Members of the Senate Corrections and Criminal Law Committee unanimously passed Senate Bills 166 and 169 Tuesday afternoon. Both bills deal with the proper punishments for sex crimes, though one seeks harsher punishment while the other is designed to show leniency.

SB 166, authored by Sen. Jack Sandlin, R-Indianapolis, would vacate the convictions of human trafficking victims convicted of or adjudicated as delinquents for prostitution.

Sandlin, who has a law enforcement background, told committee members in an earlier meeting that in retrospect, he realizes many people who were prosecuted for prostitution during his career were actually trafficking victims, but law enforcement and legal officials didn’t know enough about the industry to recognize the signs.

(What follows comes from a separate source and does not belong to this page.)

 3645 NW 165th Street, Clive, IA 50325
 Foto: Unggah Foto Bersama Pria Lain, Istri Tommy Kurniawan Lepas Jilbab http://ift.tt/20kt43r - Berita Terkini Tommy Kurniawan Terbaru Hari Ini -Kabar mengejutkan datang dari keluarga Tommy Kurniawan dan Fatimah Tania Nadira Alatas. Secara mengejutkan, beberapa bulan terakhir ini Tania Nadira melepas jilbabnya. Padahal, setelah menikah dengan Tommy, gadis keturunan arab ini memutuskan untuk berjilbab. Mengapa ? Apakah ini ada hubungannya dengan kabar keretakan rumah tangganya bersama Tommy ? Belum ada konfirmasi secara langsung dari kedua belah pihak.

Through SB 166, trafficking victims with non-violent sex convictions can petition the court to have those convictions completely vacated, rather than expunged from their records.

Building on the idea that trafficking victims are just that – victims – Democratic Minority Leader Tim Lanane, D-Anderson, presented an amendment to Sandlin’s bill that would exclude any victim under the age of 18 from a prostitution conviction and would instead treat juvenile victims as children in need of services. Delaware Circuit Judge Kimberly Dowling spoke in favor of Lanane’s amendment, telling committee members that most juvenile trafficking victims don’t realize they are victims because they have faced significant mental manipulation.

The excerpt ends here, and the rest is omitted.